弟はいつも通り、僕の隣で眠っている。
「……弟は、神様には会ったことが?」
僕が起きているときは弟は眠っており、弟が起きているときは僕は眠っている。だから当然、僕らはお互いの体験や記憶を共有しているわけではない。
「いや、まだだ。しかし近いうち、12号が覚醒しているときに同じように神のいる場に連れていくつもりだ」
「そうですか……」
そう返事を返しながら、僕はいろんな事を考えていた。
本当にいる神様は、いったいどんな姿をしているのだろう。
弟は、その神様の姿を見てどう思うだろう。
そんな考えが、僕の頭の中を行ったり来たりしているあいだに、エレベーターは静かに止まった。
プシュッという空気が抜けるような音を立ててエレベーターの扉が開き始めたとき、僕の頭の中はふっと静かになり、ひとつの考えだけが残っていた。

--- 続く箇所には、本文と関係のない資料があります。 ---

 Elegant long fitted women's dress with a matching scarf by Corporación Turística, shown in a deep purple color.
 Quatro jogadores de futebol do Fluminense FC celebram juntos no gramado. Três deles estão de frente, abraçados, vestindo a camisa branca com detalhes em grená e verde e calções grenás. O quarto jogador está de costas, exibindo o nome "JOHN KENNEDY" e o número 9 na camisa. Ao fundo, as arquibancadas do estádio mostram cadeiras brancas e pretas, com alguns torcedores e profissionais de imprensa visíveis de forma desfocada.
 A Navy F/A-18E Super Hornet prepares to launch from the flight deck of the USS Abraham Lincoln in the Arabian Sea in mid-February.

本当にいる神様に出会ったら、その神様がどんな姿をしていても、弟の幸せを祈ろう。
だって、本当にいる神様に出会ってするべきことなんて、それしかないじゃないか。
「――行こう」
「はい」
1号さまに促され、僕はゆっくりと電動車椅子をエレベーターの外に進ませた。
最初に僕を迎えたのは、病室の照明よりも眩しい光。思わず手で顔をかばう。
ようやく明るさに慣れた僕の目に飛び込んできたのは、むき出しの岩盤。そのところどころに置かれたたくさんの機械、物々しい防護服のようなものを着込んで作業を行っている人々。そして――。
何重にもなった、大きなガラスの箱。その中にいる、なにか。
それが視界に入った瞬間、今まで感じたことのない感覚が背筋を走ったのがはっきりわかった。

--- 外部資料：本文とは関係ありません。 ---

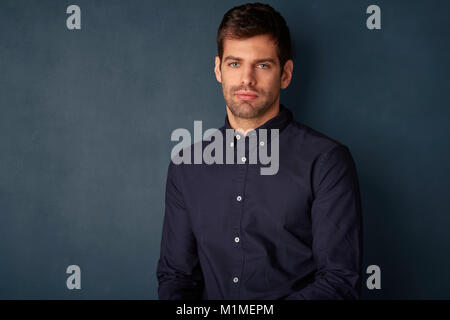 Close-up portrait of a confident young man wearing shirt and looking at camera while standing at dark background. Stock Photo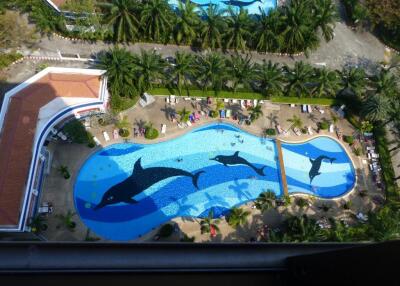 Aerial view of a landscaped outdoor pool with dolphin designs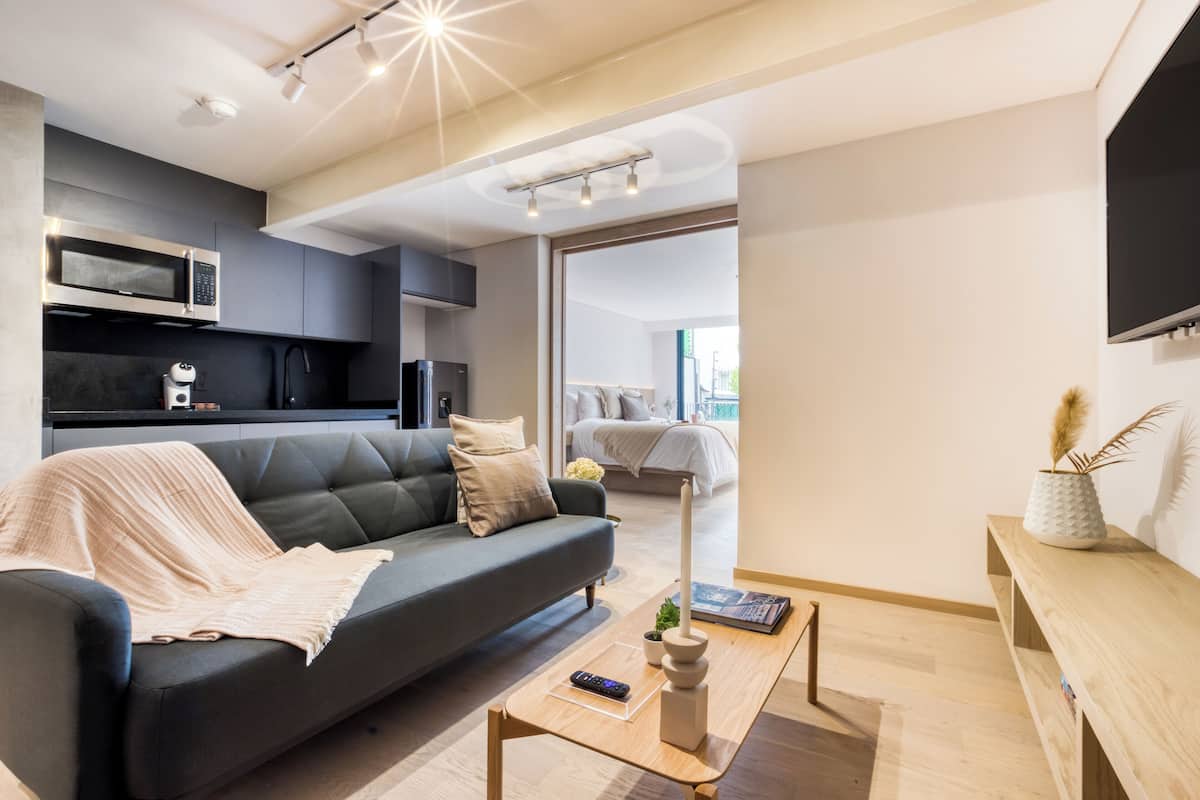 Superior Apartment with Balcony | Living area | 50-inch Smart TV with digital channels, TV, Netflix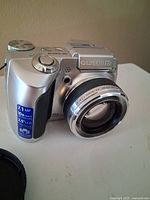 Front view of Olympus SP-510UZ camera showing lens, 7.1 MP and 10× zoom labels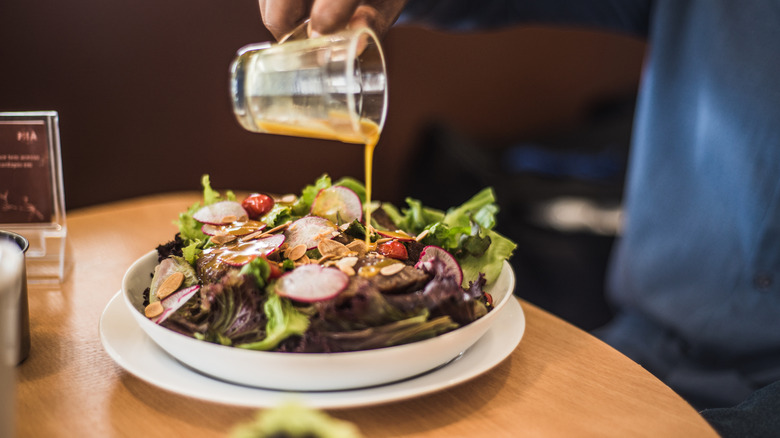 An individual pouring vinaigrette over a fresh salad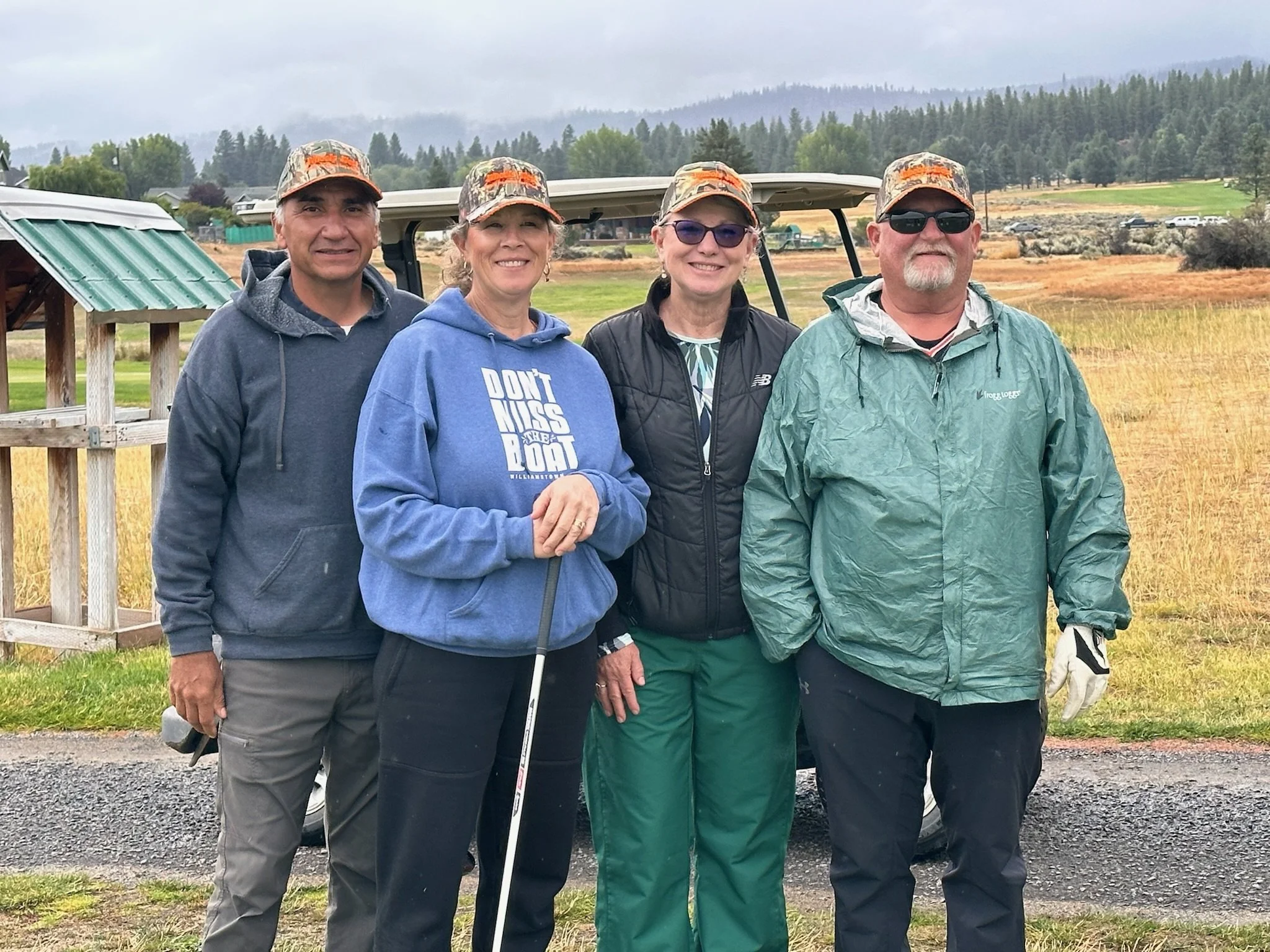 Four people standing outdoors on a cloudy day, wearing camouflage baseball caps and casual clothing, with a golf cart and a rural landscape in the background.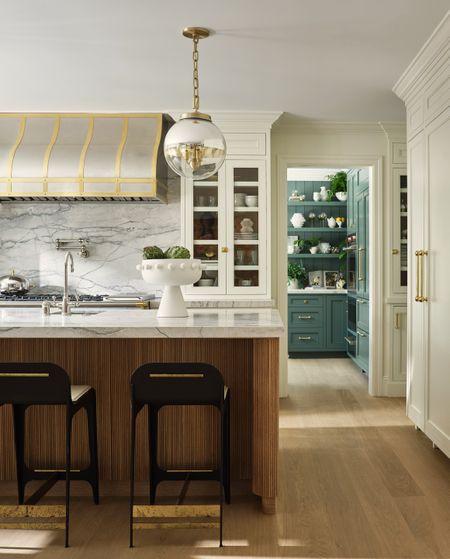 reeded island with steel cooker hood and blue-green pantry 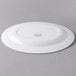 A white Libbey oval porcelain platter with a wide rim.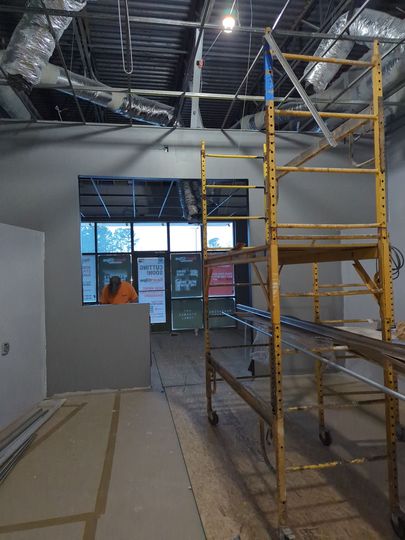 A construction site interior featuring a yellow scaffolding tower and a person in an orange shirt standing near a window.
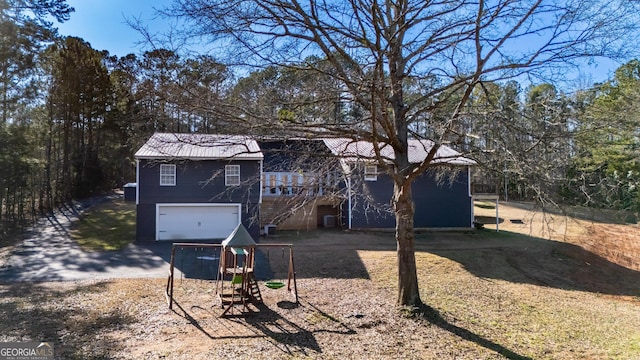 view of front of home featuring driveway and an attached garage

反射的に隣にいる1号さまの顔を見上げる。1号さまは何も言わずにうなずいた。
ごくり、とつばを飲まずにはいられなかった。
ガラス越しの姿ははっきりとは見えなかったものの、それが自分たちとはまったく違う存在であることがわかった。つまり、この大きな空間の中にあるガラスの箱の中に閉じ込められているのは――。

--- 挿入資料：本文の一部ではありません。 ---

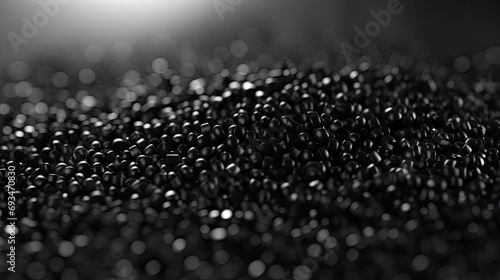 close up of a black surface, 3d black tiny plastic cylindrical grains , black plastic polymer pellets,polymer for pipes, Plastic and polymer industry, industry. Microplastic products.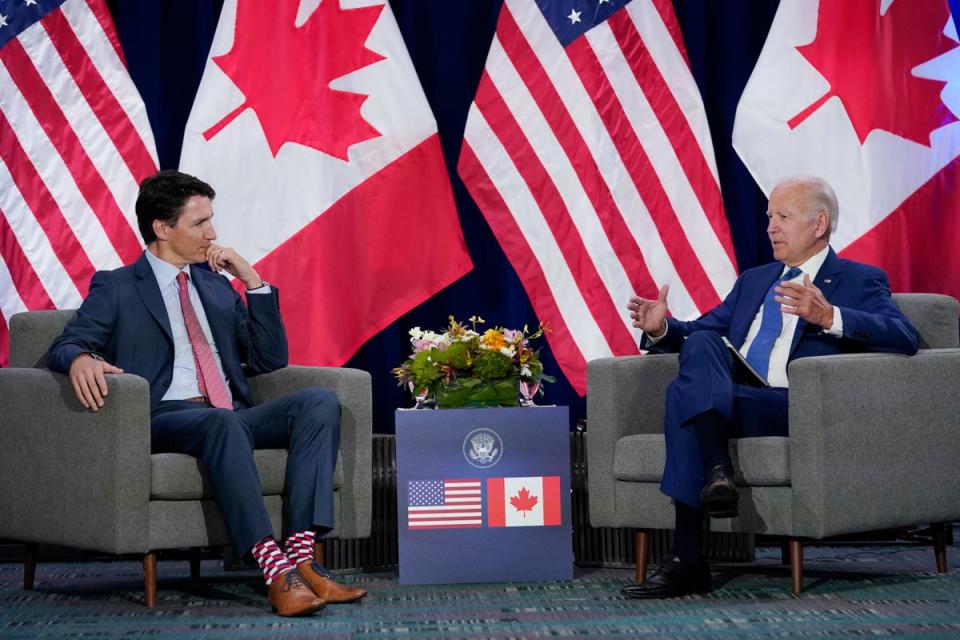 President Joe Biden, right, meets with Canadian Prime Minister Justin Trudeau during the Summit of the Americas, 9 June 2022, in Los Angeles (AP)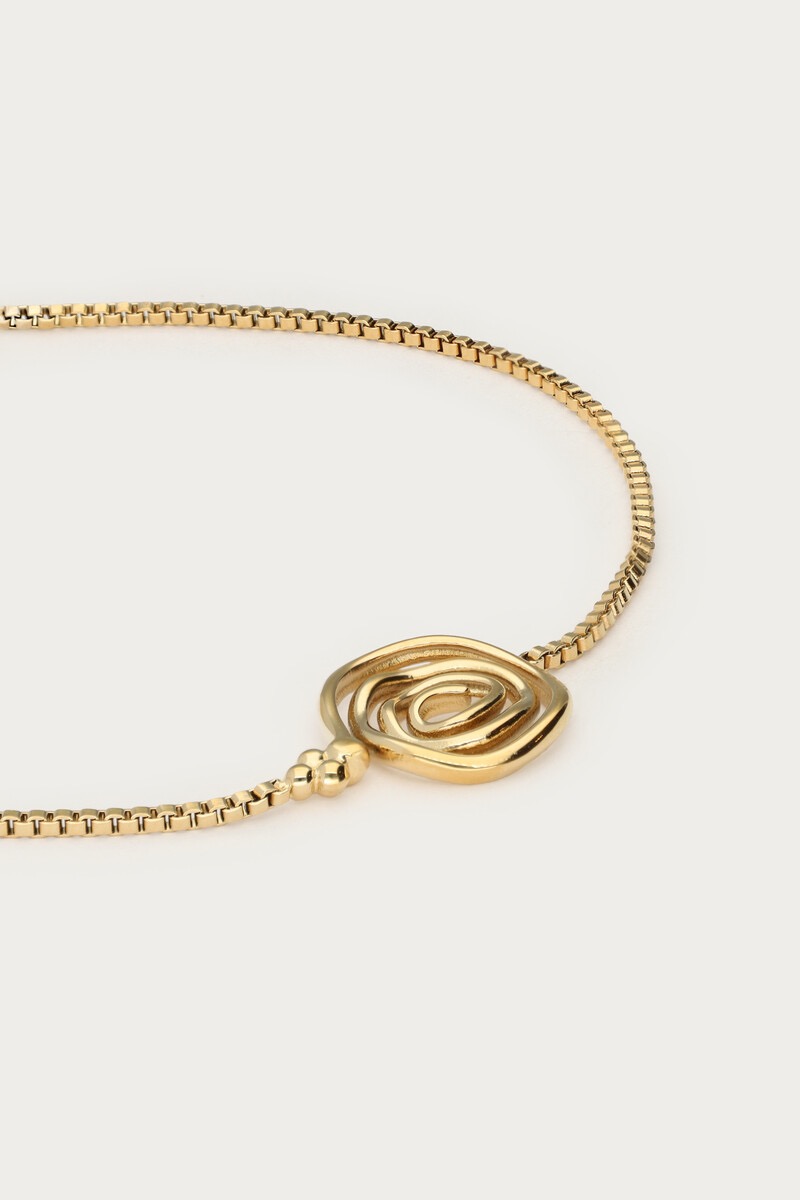 My jewellery Nomads armband met minimalistische swirl goud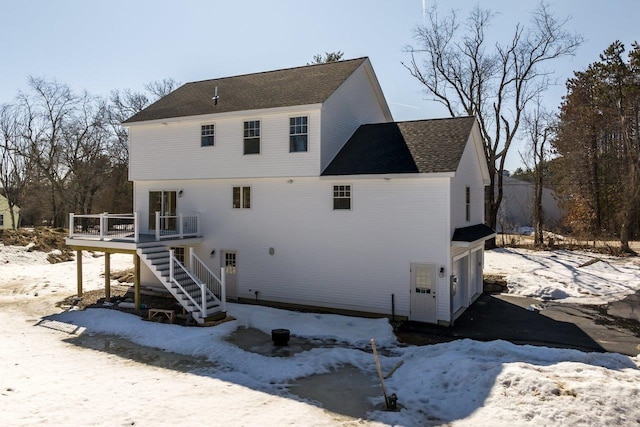 snow covered house featuring stairway, a garage, and a deck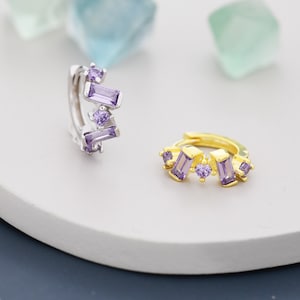 Könnte beinhalten: Zwei Creolen mit silberner und goldener Oberfläche. Beide Ohrringe haben ein Design aus lila Zirkonia-Steinen in verschiedenen Formen.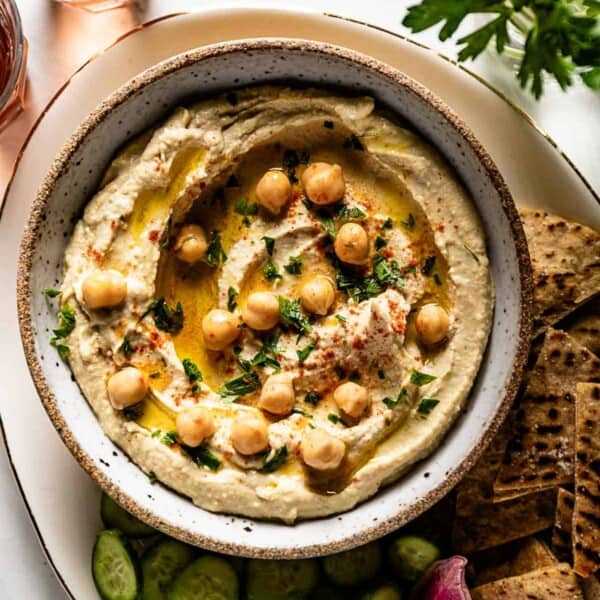 Mediterranean hummus in a bowl with veggies on the side.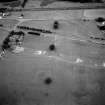 Oblique aerial view centred on the site of the Roman temporary camp with Broomlands House visible in the top left corner of the photograph.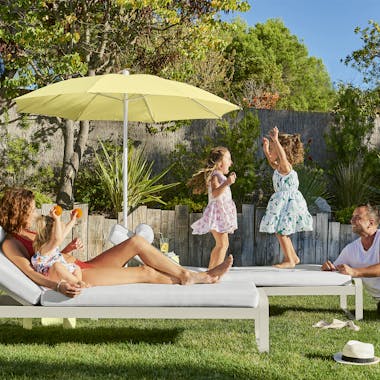 Family relaxing by the pool on Fermob Bellevie sunloungers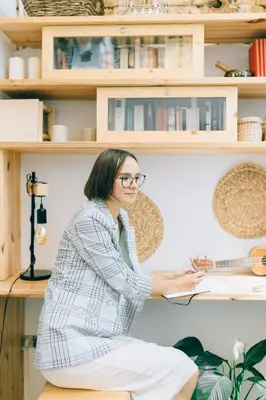 a woman sitting on a shelf with a book at Cantagua Hostel in Valencia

僕は自分でも知らないうちに、まるで見えない糸に引かれるようにして車椅子を進めていた。
その後を、1号様が静かに着いてくるのが気配でわかった。
大きなガラスの箱に近づくにつれて、その中にいるものの姿が少しずつ鮮明に見えてくる。
「12号。これが、我々マルクト教団の擁する実在する神――」
ゆっくりと、まるで息をするように伸び縮みしているそれは、僕がこの教団の外に出たことがないことを差し引いても、僕が知っているどんな生き物とも似通っていないものだった。
これが――。
「創造維持神だ」
その姿は、「大きな肉の塊」としか言えない、異様なものだった。
創造維持神。本当にいる、神様。
「神様」という言葉を聞いて、こんな姿を想像する人なんかいないだろう。
でも、僕にはこの異様な姿をしたなにかが神様であることがすんなりと受け入れられた。
車椅子をさらに近づけて、むりやり体を乗り出して、ガラスに手を伸ばす。
ガラスに触れた瞬間、体が電気に打たれたみたいにびくんと跳ねた。